((

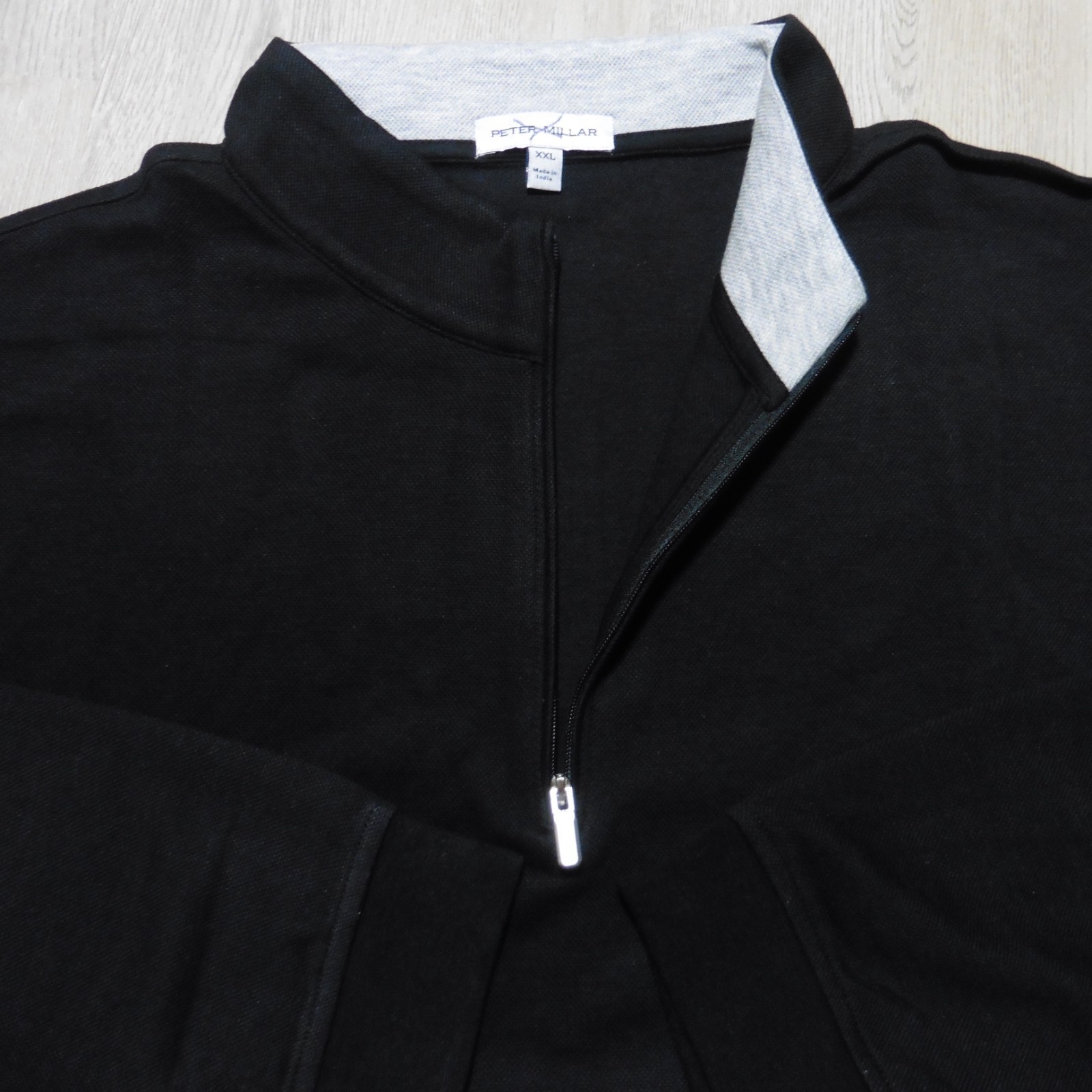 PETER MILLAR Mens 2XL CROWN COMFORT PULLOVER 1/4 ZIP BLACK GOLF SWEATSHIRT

))
((

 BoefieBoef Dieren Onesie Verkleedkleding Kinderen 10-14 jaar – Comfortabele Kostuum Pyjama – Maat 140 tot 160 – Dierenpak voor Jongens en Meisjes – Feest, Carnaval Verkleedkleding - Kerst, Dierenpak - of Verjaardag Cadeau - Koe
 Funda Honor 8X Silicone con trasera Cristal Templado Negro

))
((

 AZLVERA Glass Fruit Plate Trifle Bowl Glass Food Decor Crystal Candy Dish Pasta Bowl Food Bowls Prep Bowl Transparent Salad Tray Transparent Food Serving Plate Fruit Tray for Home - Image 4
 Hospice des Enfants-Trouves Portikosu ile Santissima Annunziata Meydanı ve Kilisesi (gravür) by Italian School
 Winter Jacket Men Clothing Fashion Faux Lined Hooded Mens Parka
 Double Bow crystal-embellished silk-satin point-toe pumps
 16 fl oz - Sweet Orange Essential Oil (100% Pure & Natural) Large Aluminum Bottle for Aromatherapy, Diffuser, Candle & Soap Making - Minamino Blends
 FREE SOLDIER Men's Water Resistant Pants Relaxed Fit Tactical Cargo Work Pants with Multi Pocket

))

**REQUIRED ACTION**
Reproduce exactly the entries above, limited to the lines from the one with "BoefieBoef Dieren Onesie" through the one with "Funda Honor 8X", both included.

**WRITTEN RESPONSE**
 BoefieBoef Dieren Onesie Verkleedkleding Kinderen 10-14 jaar – Comfortabele Kostuum Pyjama – Maat 140 tot 160 – Dierenpak voor Jongens en Meisjes – Feest, Carnaval Verkleedkleding - Kerst, Dierenpak - of Verjaardag Cadeau - Koe
 Funda Honor 8X Silicone con trasera Cristal Templado Negro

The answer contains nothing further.